Once You Start Traveling, You Never Wanna Stop

here’s a moment, somewhere between checking into a quiet hostel in an unfamiliar city and sipping coffee on a sunlit terrace overlooking a street you can’t pronounce, when it hits you:
This is freedom.
I didn’t plan to fall in love with solo travel. It began as an escape a spontaneous flight booked during a restless night, the kind where your thoughts are louder than your surroundings. I needed something new. Something unscripted.
That first trip was Lisbon.
I landed with no guidebook, no itinerary, just a carry-on and a craving for clarity. Mornings were slow and sacred. I wandered through the winding maze of Alfama, camera in one hand, espresso in the other. Locals smiled without expectation. I smiled back, not realizing how deeply that simple connection would root itself in my soul.
The thing is, when you travel alone, the world opens up in ways it never does when you’re with others. You hear more. You feel more. You learn that silence in a new place doesn’t feel empty it feels full. Full of possibility, full of presence.
And once you taste that kind of aliveness, you never want to stop chasing it.
From Lisbon, I moved through Europe like a whisper on the wind Barcelona’s backstreets, where laughter spills out of wine bars; the Swiss Alps, where even solitude feels grand; Cappadocia, where I watched the sunrise from a hot air balloon and felt smaller and bigger all at once.
I started finding pieces of myself in places I’d never been.
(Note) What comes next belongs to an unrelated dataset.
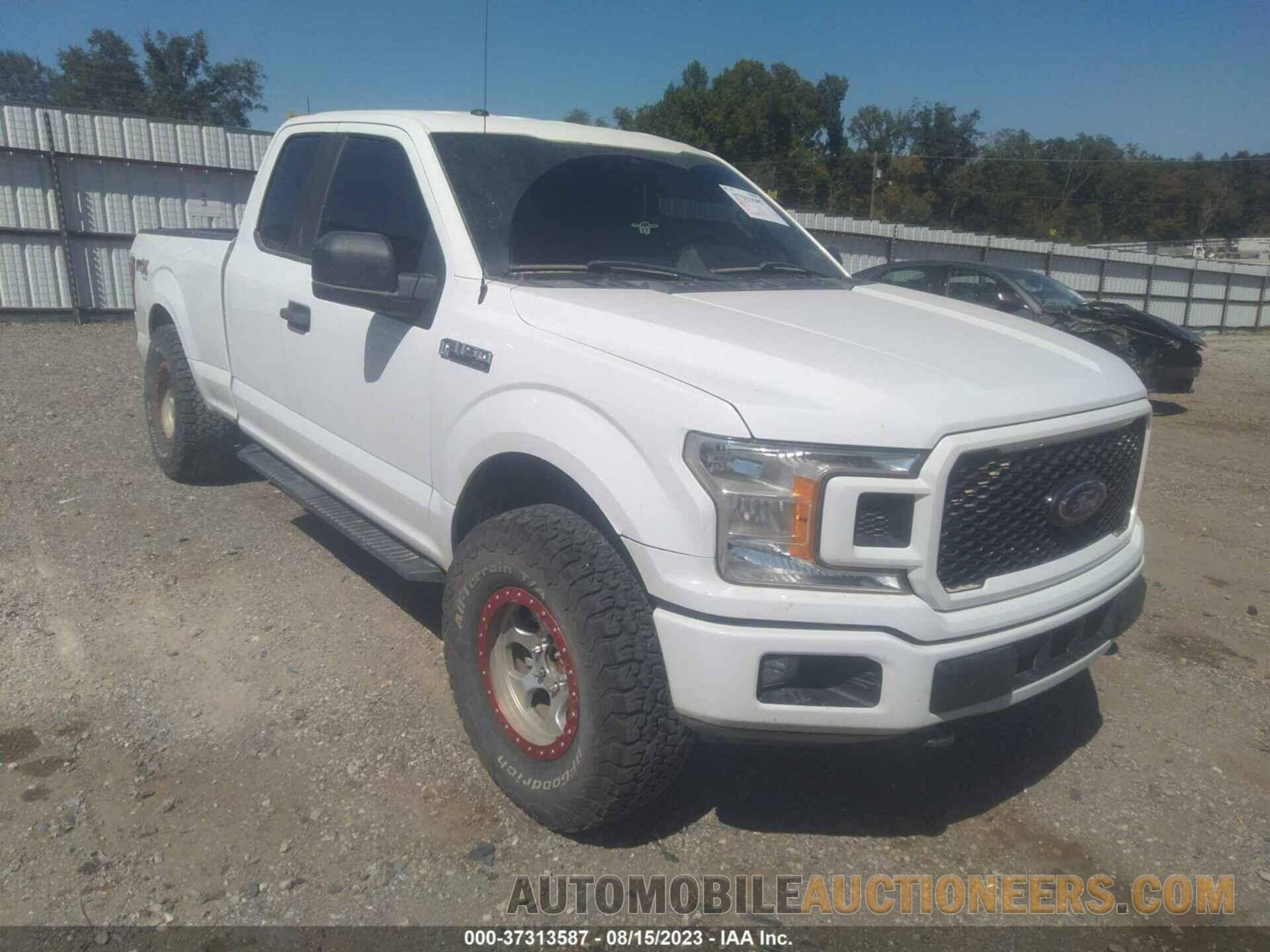 1FTFX1E51KKC23705 FORD F-150 2019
A version of me who could start a conversation in broken Italian. A version who could sleep on overnight trains, journal by candlelight, and find comfort in her own company.
Was it always easy? No.
There were missed trains, language barriers, moments of homesickness that crept in during quiet nights. But even those moments had beauty. They taught me patience, humility, and how to ask for help from complete strangers and receive it with grace.
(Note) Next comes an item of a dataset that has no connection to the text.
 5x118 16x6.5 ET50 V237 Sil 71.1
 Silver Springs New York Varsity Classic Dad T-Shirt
What solo travel gave me wasn’t just adventure.
It gave me ownership of my time, my choices, my joy.
It taught me that I don’t have to wait for someone else to be ready.
I can go. I can live. I can see the world on my terms.
People often ask me when I’ll “settle down.”
But they don’t realize I already have.
I’ve settled into sunsets over Santorini, night markets in Chiang Mai, rainy mornings in Amsterdam, and beach fires in Lagos.
I’ve built a home out of experiences and it travels with me wherever I go.
So if you’re waiting for someone to travel with, don’t.
Be the reason you go.
You’ll be surprised how much life is waiting for you out there.
Because the truth is this:
Once you start traveling, you never wanna stop.